Essay Review: New Public Management in New Zealand: The Past, Present and Future
Abstract
Almost three decades ago, the world of Public Policy and Administration (PPA) was rocked by New Public Management (NPM), a liberal gospel advocating the application of business administration models to the management of public services in lieu of the old ‘monolithic” and hierarchical neo-weberian ideal type. But nowhere than in the “Land of the Long White Cloud”, did NPM find a more fertile ground (Pollitt and Bouckaert 2004, Ryan and Gill 2011: 306). To quote Evert Lindquist, while the UK only took new “steps” and the US set on “re-inventing” its machinery of government, New Zealand launched a “revolution” (2011: pp. 46-84). Praised and flaunted around the world by the Bretton Woods Institutions, the country became known as the “Land of New Public Management” and Wellington, its capital, a site of pilgrimage for government practitioners seeking advice (Schick 1998: 123).
Since then, to paraphrase Castles et al., the “Great Experiment” has continued to fascinate. But while we know the fine grain of this “bureaucratic phenomenon”, its broader picture especially after the mid-1990s is still unclear. In the words of Berman, “Generalizable links among their findings remain sparse and thin” (2001: 231). This review article attempts to connect the dots by analyzing four books that offer an in-depth account of the reform program but were published at different time-distances.
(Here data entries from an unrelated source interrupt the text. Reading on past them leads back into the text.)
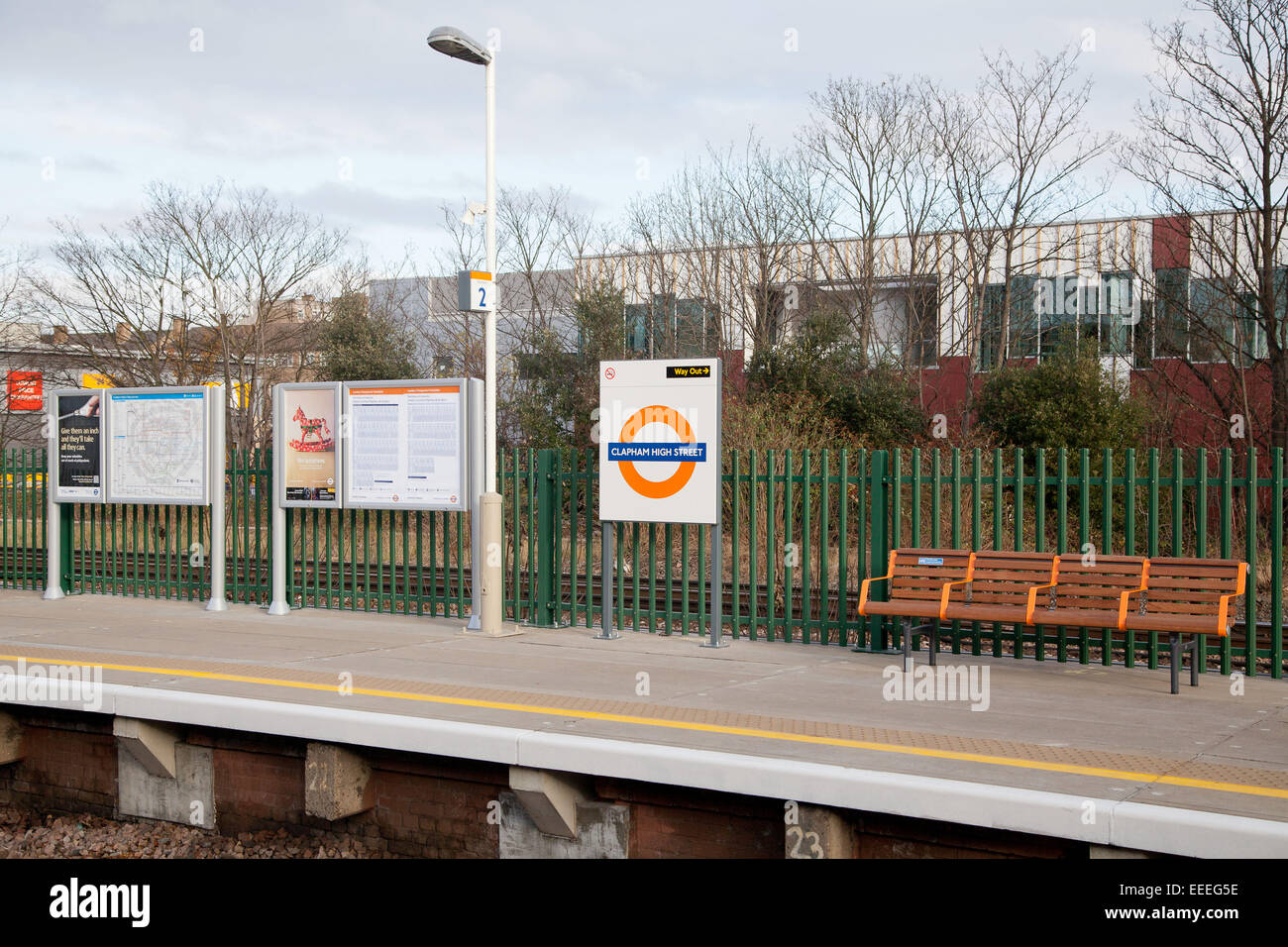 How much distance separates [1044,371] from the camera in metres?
23.7

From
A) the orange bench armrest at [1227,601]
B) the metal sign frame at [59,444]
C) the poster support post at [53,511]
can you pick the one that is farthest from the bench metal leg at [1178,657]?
the poster support post at [53,511]

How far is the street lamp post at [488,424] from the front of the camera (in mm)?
11586

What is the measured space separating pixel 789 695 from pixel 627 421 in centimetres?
375

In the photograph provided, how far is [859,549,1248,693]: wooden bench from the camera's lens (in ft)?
28.7

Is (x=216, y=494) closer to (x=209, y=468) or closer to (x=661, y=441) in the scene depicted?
(x=209, y=468)

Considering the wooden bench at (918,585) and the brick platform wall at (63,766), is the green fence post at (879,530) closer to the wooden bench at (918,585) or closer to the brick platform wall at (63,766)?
the wooden bench at (918,585)

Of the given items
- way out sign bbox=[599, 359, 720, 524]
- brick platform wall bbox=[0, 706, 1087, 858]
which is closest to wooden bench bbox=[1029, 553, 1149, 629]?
way out sign bbox=[599, 359, 720, 524]

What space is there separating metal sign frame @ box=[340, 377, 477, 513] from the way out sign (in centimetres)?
159

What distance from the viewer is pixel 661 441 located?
11297 mm

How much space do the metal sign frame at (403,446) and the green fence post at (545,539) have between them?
0.70m

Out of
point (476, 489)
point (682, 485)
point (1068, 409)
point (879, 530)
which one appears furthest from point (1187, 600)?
point (1068, 409)

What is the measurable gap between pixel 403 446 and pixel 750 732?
658 cm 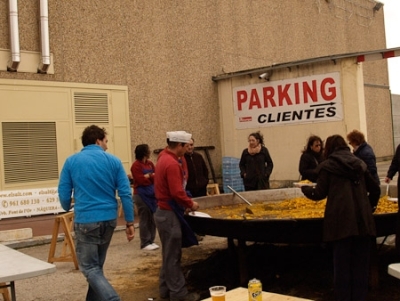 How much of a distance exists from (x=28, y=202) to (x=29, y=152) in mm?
1307

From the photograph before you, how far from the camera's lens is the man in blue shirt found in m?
4.87

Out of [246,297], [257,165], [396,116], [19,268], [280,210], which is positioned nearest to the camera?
[246,297]

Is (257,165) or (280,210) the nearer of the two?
(280,210)

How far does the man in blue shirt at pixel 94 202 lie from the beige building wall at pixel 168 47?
25.9 feet

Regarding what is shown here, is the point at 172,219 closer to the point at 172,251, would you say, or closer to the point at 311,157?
the point at 172,251

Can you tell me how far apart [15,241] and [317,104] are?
9176 mm

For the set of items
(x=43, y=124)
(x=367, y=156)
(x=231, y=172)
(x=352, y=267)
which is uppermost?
(x=43, y=124)

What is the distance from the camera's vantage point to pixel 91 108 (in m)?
13.7

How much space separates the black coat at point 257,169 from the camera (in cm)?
888

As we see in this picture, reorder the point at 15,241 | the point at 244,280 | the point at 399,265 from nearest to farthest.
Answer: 1. the point at 399,265
2. the point at 244,280
3. the point at 15,241

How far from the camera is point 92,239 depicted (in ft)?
16.1

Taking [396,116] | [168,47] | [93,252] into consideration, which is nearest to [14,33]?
[168,47]

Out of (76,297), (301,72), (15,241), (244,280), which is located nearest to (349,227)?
(244,280)

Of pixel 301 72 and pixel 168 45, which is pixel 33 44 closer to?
pixel 168 45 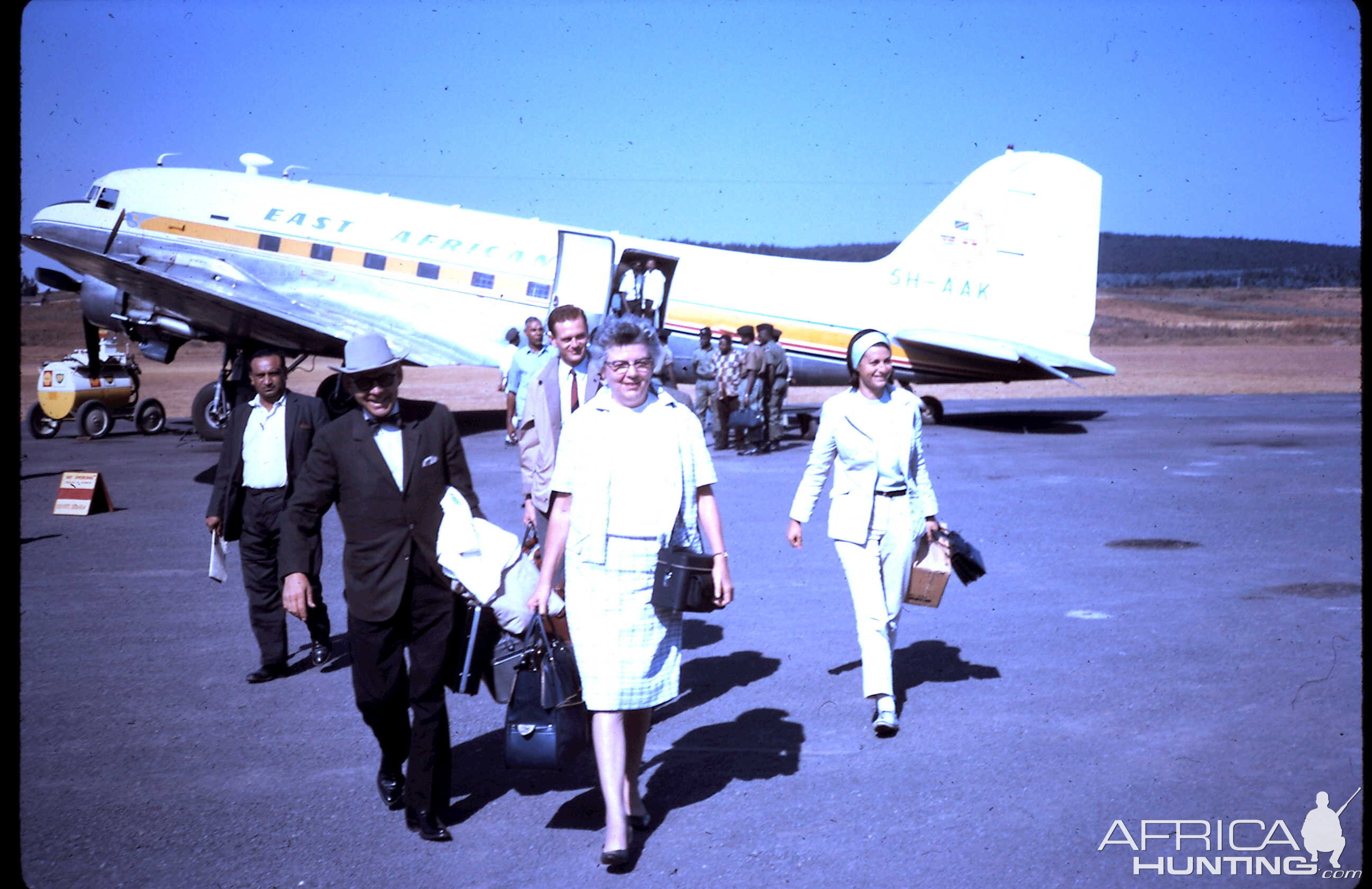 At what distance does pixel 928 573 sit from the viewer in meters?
5.71

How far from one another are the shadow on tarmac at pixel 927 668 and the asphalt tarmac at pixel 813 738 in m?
0.03

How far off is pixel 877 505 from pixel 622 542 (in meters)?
1.85

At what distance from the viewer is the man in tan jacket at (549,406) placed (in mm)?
5988

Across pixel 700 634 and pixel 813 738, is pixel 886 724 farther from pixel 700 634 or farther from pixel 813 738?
pixel 700 634

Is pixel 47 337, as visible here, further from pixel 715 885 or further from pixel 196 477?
pixel 715 885

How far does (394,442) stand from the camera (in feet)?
14.5

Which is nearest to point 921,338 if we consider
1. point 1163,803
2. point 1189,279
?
point 1163,803

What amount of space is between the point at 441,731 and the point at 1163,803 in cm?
291

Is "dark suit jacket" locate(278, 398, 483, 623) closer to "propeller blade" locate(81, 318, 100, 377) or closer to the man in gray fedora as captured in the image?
the man in gray fedora

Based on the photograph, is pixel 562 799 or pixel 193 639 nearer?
pixel 562 799

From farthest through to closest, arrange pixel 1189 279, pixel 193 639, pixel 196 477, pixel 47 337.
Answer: pixel 1189 279, pixel 47 337, pixel 196 477, pixel 193 639

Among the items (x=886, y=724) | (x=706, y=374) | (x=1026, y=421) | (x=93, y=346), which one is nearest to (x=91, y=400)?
(x=93, y=346)

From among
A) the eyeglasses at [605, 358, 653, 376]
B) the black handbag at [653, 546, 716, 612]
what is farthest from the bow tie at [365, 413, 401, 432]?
the black handbag at [653, 546, 716, 612]

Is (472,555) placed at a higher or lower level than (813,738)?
higher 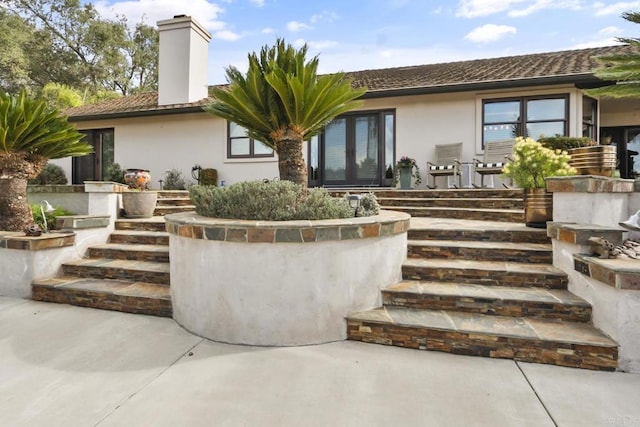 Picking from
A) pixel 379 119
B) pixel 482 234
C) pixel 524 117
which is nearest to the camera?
pixel 482 234

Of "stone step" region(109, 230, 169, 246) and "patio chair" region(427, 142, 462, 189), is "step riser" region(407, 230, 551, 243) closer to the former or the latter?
"stone step" region(109, 230, 169, 246)

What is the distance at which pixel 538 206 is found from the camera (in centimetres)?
425

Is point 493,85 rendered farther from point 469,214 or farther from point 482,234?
point 482,234

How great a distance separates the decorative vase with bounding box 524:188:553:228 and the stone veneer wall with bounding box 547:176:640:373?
52 cm

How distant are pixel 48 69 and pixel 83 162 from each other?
1518 cm

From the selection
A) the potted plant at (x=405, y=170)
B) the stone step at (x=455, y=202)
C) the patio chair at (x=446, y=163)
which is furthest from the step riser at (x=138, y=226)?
the patio chair at (x=446, y=163)

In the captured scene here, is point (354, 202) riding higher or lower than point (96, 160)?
lower

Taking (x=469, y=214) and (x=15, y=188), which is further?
(x=469, y=214)

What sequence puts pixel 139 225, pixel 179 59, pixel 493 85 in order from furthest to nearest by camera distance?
pixel 179 59, pixel 493 85, pixel 139 225

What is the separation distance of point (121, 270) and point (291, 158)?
2501mm

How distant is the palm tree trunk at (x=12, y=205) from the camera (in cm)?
475

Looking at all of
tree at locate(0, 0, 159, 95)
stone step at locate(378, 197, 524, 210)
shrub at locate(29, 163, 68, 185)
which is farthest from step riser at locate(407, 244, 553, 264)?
tree at locate(0, 0, 159, 95)

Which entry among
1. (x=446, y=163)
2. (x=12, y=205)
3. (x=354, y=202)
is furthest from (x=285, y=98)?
(x=446, y=163)

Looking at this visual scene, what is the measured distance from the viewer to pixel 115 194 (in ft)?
18.2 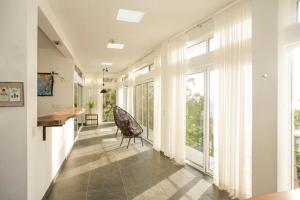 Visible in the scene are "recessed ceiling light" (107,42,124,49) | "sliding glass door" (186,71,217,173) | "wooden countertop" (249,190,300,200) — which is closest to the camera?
"wooden countertop" (249,190,300,200)

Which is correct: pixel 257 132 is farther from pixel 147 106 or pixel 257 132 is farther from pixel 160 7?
pixel 147 106

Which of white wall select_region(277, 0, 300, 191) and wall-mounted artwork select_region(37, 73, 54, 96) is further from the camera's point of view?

The first, Public Management: The New Zealand Model dates from 1996, shortly after the virtual end of the experiment and was written by a team of academics led by Jonathan Boston, a keen observer of public policy in New Zealand. The second, Remaking New Zealand and Australian Economic Policy by Shaun Goldfinch, another academic was published in 2000 and is cast in a comparative perspective. The third, Public Management in New Zealand: Lessons and Challenges was published in 2001 by an insider, Graham Scott, the Secretary General of the powerful New Zealand Treasury from 1986 to 1993. The fourth, Future State, Directions for Public Management in New Zealand was published in 2011 and co-edited by Bill Ryan and Derek Gill. It recoups ideas from academics and policy practitioners who were asked by the State Services Commission, a public service watchdog to conceptualize the future state in a context marked by financial cuts, demands for more democratic accountability and complex challenges.
The books are reviewed along four dimensions: policy change, policy content, policy outcomes and future trends. Relevant questions are: Where did the reforms originate? What are their characteristics (defining and secondary)? How successful was the model? What is its current state and the path laying ahead? The books are cross-referred and where necessary supplemented by additional literature.